Overall, authorities involved in Operation Pangea this March seized around 4.4 million units of illicit pharmaceuticals worldwide. Among them were more than 37,000 unauthorized and counterfeit medical devices, the vast majority of which were surgical masks and self-testing kits (HIV and glucose), but also various surgical instruments.
Information received from the participating countries during the operation points to a considerable decrease in international shipments of small parcels (by about 40 per cent), probably due to the coronavirus outbreak.
The operation has already closed down more than 2,500 web links, including websites, social media pages, online marketplaces and online adverts for illicit pharmaceuticals with a similar number in the process of being closed down.
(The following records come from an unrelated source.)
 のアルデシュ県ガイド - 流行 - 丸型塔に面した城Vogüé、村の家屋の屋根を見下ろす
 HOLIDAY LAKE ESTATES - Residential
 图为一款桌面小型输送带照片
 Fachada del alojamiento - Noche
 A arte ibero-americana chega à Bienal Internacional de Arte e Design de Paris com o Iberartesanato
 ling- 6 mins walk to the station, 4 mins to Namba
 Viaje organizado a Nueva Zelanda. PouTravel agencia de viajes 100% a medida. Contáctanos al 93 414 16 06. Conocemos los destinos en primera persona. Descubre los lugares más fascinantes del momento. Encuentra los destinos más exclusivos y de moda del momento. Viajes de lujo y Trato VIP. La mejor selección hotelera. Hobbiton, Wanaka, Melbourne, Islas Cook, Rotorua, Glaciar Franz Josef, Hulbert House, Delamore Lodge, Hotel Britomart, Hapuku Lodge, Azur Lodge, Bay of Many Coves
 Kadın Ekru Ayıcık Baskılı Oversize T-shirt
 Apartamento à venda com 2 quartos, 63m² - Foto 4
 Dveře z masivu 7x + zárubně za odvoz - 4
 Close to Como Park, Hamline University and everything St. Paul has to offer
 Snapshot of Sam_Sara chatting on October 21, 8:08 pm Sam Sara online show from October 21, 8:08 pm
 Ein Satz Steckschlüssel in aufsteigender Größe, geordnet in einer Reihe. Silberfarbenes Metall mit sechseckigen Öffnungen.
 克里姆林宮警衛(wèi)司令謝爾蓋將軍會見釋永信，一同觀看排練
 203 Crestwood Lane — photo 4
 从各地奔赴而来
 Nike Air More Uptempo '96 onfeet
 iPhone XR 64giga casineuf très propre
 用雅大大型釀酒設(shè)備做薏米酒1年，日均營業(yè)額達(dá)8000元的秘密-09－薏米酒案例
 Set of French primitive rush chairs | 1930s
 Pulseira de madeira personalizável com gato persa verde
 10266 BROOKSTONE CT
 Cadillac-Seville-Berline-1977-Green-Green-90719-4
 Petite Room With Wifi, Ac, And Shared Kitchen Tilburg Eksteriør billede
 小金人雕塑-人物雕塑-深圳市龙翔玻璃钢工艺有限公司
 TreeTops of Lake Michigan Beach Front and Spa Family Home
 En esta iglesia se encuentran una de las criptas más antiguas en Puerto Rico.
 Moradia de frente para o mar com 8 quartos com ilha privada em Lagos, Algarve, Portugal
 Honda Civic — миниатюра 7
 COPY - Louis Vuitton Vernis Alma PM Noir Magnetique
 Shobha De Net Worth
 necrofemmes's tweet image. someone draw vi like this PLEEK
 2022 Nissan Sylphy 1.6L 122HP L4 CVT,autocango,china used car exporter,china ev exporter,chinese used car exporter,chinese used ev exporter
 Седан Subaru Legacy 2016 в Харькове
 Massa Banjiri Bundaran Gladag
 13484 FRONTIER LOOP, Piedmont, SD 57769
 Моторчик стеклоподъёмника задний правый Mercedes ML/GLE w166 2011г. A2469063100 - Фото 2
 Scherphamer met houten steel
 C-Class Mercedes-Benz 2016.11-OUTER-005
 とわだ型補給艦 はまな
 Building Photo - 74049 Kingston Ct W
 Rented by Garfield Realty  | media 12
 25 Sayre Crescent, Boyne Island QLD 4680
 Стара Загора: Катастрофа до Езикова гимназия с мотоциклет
The combined efforts of the authorities disrupted the activities of 37 organized crime groups.
Under Operation Pangea XIII, INTERPOL member countries also reached out to the general public – through videos, brochures, exhibitions and talks at hospitals and schools – to raise awareness of the dangers of buying pharmaceuticals from unregulated online sources.
Fake medicines often contain the wrong amount of active ingredient (too little, too much, or none at all). In other cases, the medicines may be genuine but have been stolen and then badly stored or may have expired. This means they could be ineffective or contaminated.